Higher-codimension points as organizing centers in nonreciprocal pattern-forming systems with O(2)-symmetry

TL;DR

This paper explores how higher-codimension points serve as key organizing centers in a nonreciprocal, O(2)-symmetric pattern-forming system, combining numerical, analytical, and bifurcation analyses to understand complex phase transitions.

Contribution

It introduces a reduced dynamical system and normal form equations near bifurcations, providing new insights into the bifurcation structure and phase transitions in nonreciprocal pattern-forming systems.

Findings

Identification of higher-codimension points as organizing centers.

Derivation of a reduced one-mode dynamical system.

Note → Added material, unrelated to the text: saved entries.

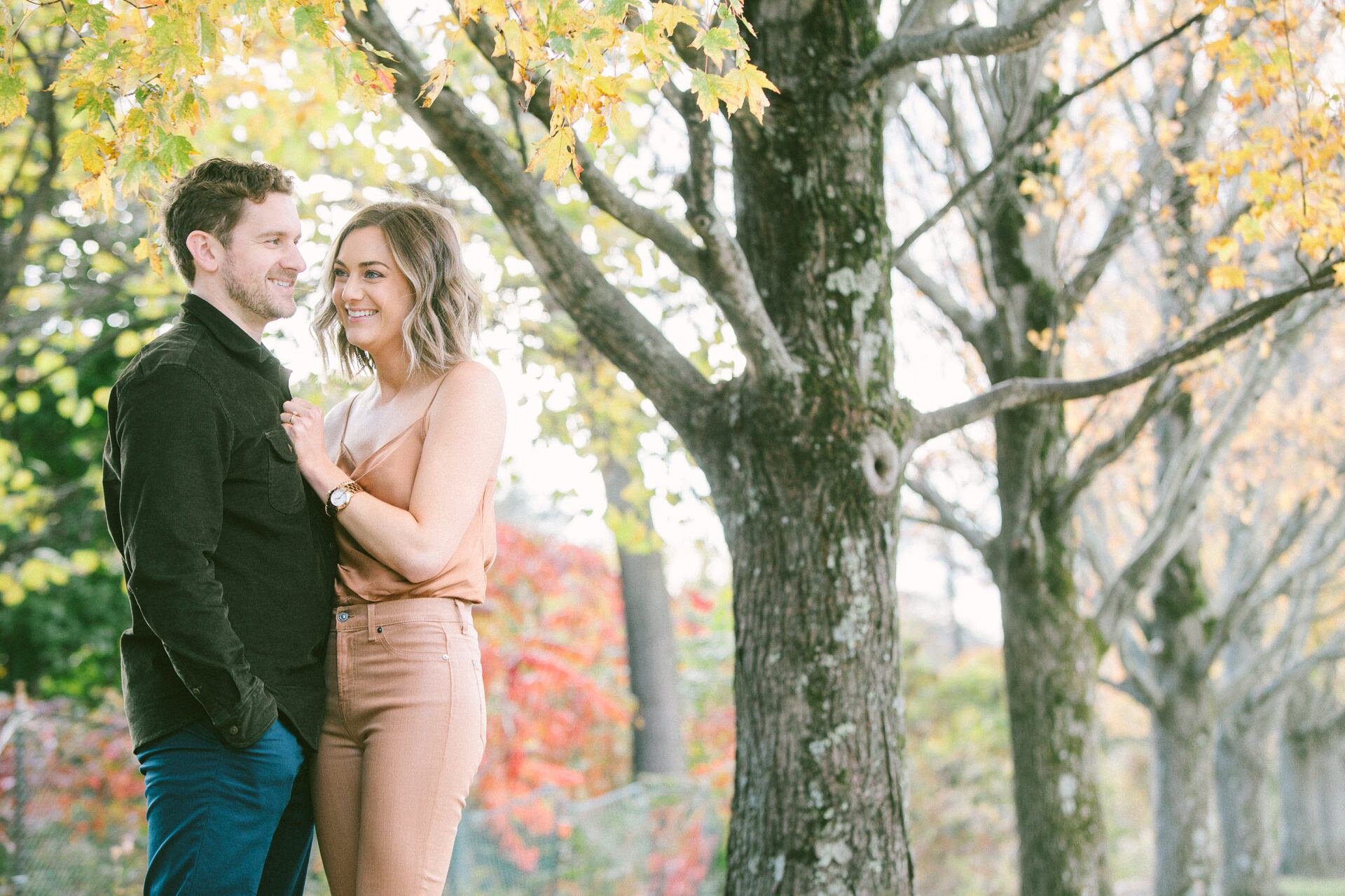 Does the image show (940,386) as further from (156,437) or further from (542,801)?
(156,437)

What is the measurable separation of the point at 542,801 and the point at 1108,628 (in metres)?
3.84

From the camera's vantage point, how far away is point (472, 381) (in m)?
2.70

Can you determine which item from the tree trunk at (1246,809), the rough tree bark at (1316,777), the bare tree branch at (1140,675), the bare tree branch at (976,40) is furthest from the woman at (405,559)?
the rough tree bark at (1316,777)

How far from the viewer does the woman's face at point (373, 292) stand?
2.78 metres

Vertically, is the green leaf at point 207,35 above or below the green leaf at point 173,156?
above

Analysis of bifurcation structures and phase transitions.

Abstract

Focusing on a two-field Swift-Hohenberg model with linear nonreciprocal interactions, this study investigates how emerging higher-codimension points act as organizing centers for the nonequilibrium phase diagram that features various steady and dynamic phases. Complementing the numerical analysis of the field equations with time simulations and path continuation techniques, we derive a reduced dynamical system corresponding to a one-mode approximation for the critical-wavenumber modes. Furthermore, we derive the normal form equations that are valid in the vicinity of the Takens-Bogdanov bifurcation with O(2)-symmetry, which allows us to draw on corresponding literature results. Comparing results obtained on the different levels of description, we discuss the bifurcation structure relating trivial uniform and inhomogeneous steady states as well as traveling, standing and modulated waves. We also contextualize the relevance of recently highlighted features of the linear mode structure, i.e., of the dispersion relations, termed "critical exceptional points" for the transitions between the nonequilibrium phases.